A study into the feasibility of a car ferry service between Gourock and Dunoon, on which passengers but not vehicles are subsidised, is the latest chapter of a tortuous saga involving taxpayer subsidy, private enterprise, viability, public service and politics.

The Scottish Government has spent £50,000 of taxpayers' money on the new research in response to complaints from residents in Dunoon and the Cowal peninsula over the quality of the passenger-only service introduced last year by Argyll Ferries, a sister company of the publicly owned CalMac. This service was the result of a decision by Transport Scotland to end CalMac's vehicle and passenger service, following a ruling by the European Commission that subsidising the carrying of vehicles on this route would be against state aid rules.

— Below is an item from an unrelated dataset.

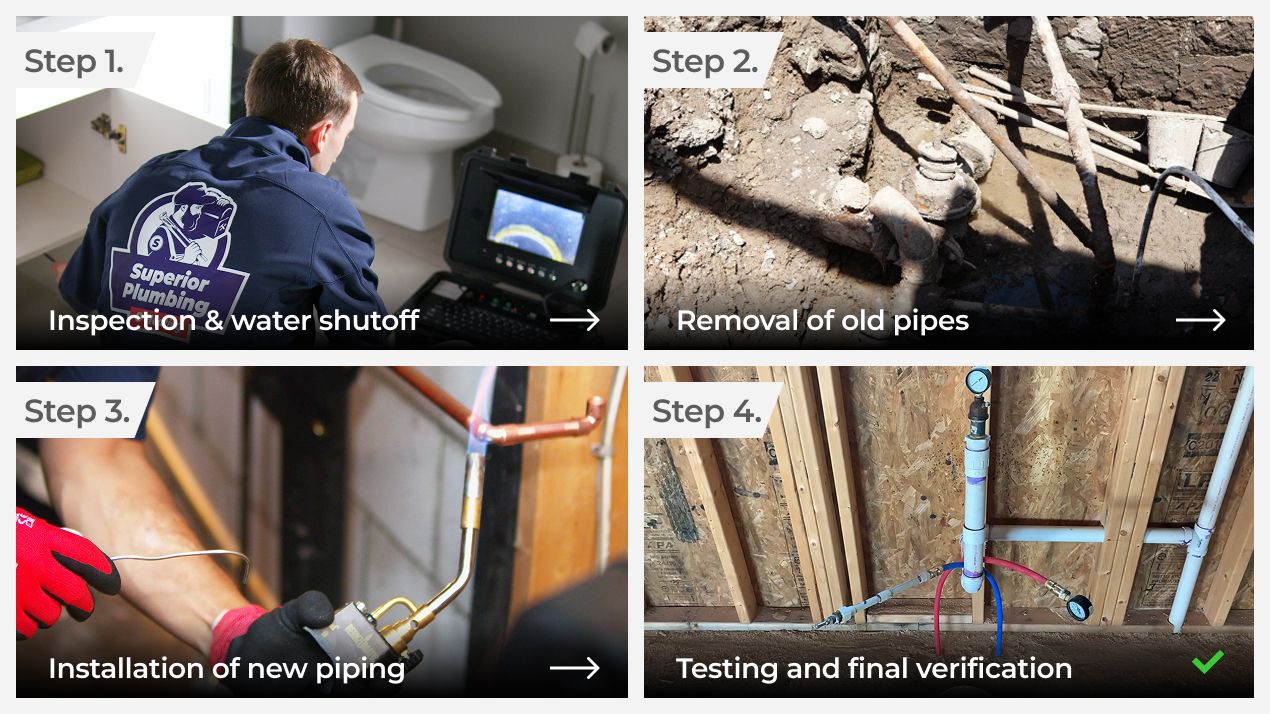 How the Repiping Process Works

There have been decades of heated debate over CalMac getting aid for passengers travelling on a car ferry, while the private sector rival the Western Ferries received no subsidy. It has been difficult territory for the SNP, which said before the 2007 Scottish elections that two new CalMac ferries would be built for the route. These have not materialised and there have been complaints about conditions, especially in wet weather, on the passenger-only vessels which are now the only ones operating between the two town centres and the link for passengers catching trains at Gourock for Greenock and Glasgow. Western Ferries, although popular with drivers, operates between points a couple of miles outside both Gourock and Dunoon.

How to finance ferry services to Scotland's island communities and west coast peninsulas remains a difficult problem. The European Commission has recognised the need to subsidise lifeline services to islands. However, the Inverclyde-to-Cowal route fails to qualify because it is designated as a river crossing and there is an alternative, although lengthy, road route. For commuters between Dunoon and Inverclyde or Glasgow, the ferry is an essential service.

According to answers provided to Jamie McGrigor, the Tory Highlands and Islands MSP, the new research shows little difference in the reliability rate of the Argyll Ferries sailings between the two town centres and Western Ferries' rate. If that is the only question under consideration, this is clearly a waste of taxpayers' money. However, Transport Scotland argues that the purpose of the research is to establish whether a ferry service receiving subsidies for carrying passengers could also carry vehicles on a wholly commercial basis.

This is an acknowledgement of the considerable dissatisfaction with the current Argyll Ferries service for foot passengers. Having ended the vehicle and passenger services once cross-subsidy was ruled out, however, it is difficult to see how CalMac could make an economic case for reinstating it unless new financial factors have emerged since June last year. It is to be hoped that new, alternative possibilities are being considered, otherwise it will be difficult convincingly to rebut the charge of wasting taxpayers' money by commissioning a study to which they already know the answers.